There is so much that I could tell you about the past month of my life! I have been to Ireland for Christmas and it was probably one of the best experiences I could have had outside of spending it with my own family. My sister came to London right after Christmas and we celebrated the New Year in my favorite city and then traveled to Paris to spend time with a great city and an old friend. Over all the last month has been pretty fantastic and has taught me a ton about myself and others. I probably won't go into day to day details but if you want to know, how I've been feeling and what I've been thinking over the past month please read on...
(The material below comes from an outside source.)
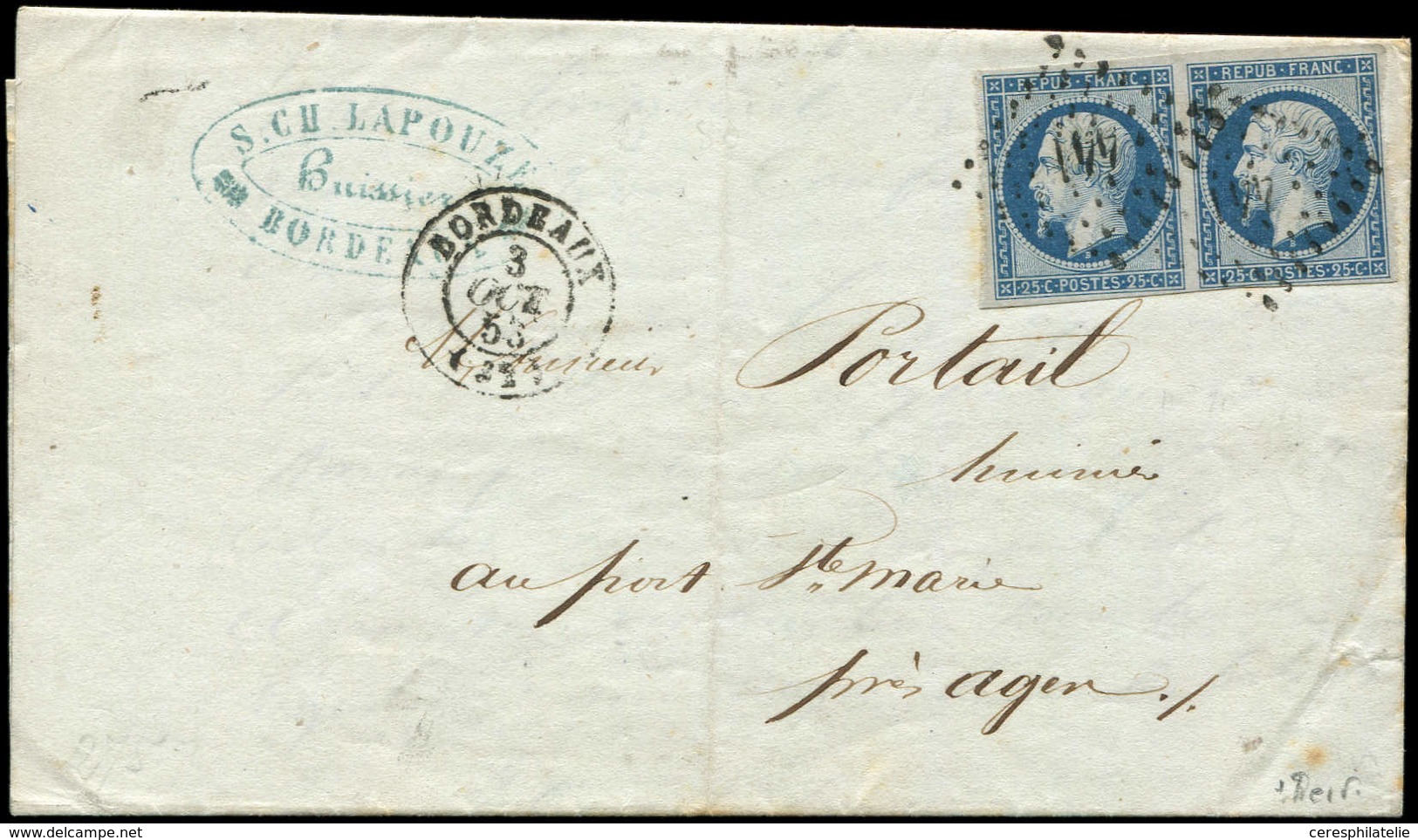 Let PRESIDENCE - 10   25c. Bleu PAIRE Obl. PC 441 S. LAC, Càd T15 BORDEAUX 3/10/53, TB - 1852 Louis-Napoleon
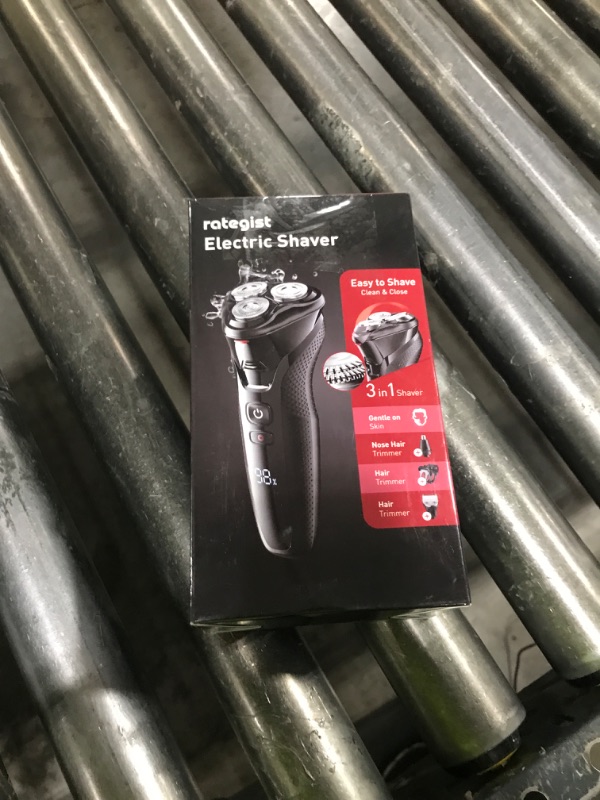 Photo 1 of rategist Cordless Electric Razor for Men: 3-in-1 Shaver for Beard/Nose/Sideburns - IPX7 Waterproof Travel Kit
So I went to Kilworth, Ireland with my roommate Thomas and spent the holiday with his family. Outside of the general day to day details (Christmas, Irish pubs, pictures of Spencer), spending the holiday away from home really was a learning experience. I have found that Christmas and family seem to be the same all around the world. I am sure I am over generalizing and I know that there are aspects that are different, but it is really hard not to notice how similar the world and all the traditions are even when you are thousands of miles away from your own traditions. Spending the holidays away from home also made me realize things about myself. Most would probably think I would have been a mess, being away from family at a time when for the last 23 years I have been in the same place celebrating with all the same loving people. So then you transport me away and I spend the holidays in a new and strange place. I obviously managed to survive it, but it is amazing how great I have become at turning off certain emotions. I knew for months that I wasn't going to be home for Christmas so then when it comes time for Christmas away I have already put up the walls I needed to not be sad about it. I don't know if this is a survival mechanism or just a way to make myself strong when I need to be strong, but somehow, over the years, it has become surprisingly more and more easy to just not feel. Does that sound too dramatic? I'm sure it does...gosh, I'm always such a drama queen! :) All I am saying, is that I think the more prepared you are for sadness the easier it is to deal with and to just sweep away. And as long as you don't think about being away and don't think about being in a different place with different people, then you pretty much don't have to deal with it at all. Maybe thats just me and my new found ability to compartmentalize my life into home and away, but I'm looking at it as a positive, although i'm sure you all might be able to argue differently...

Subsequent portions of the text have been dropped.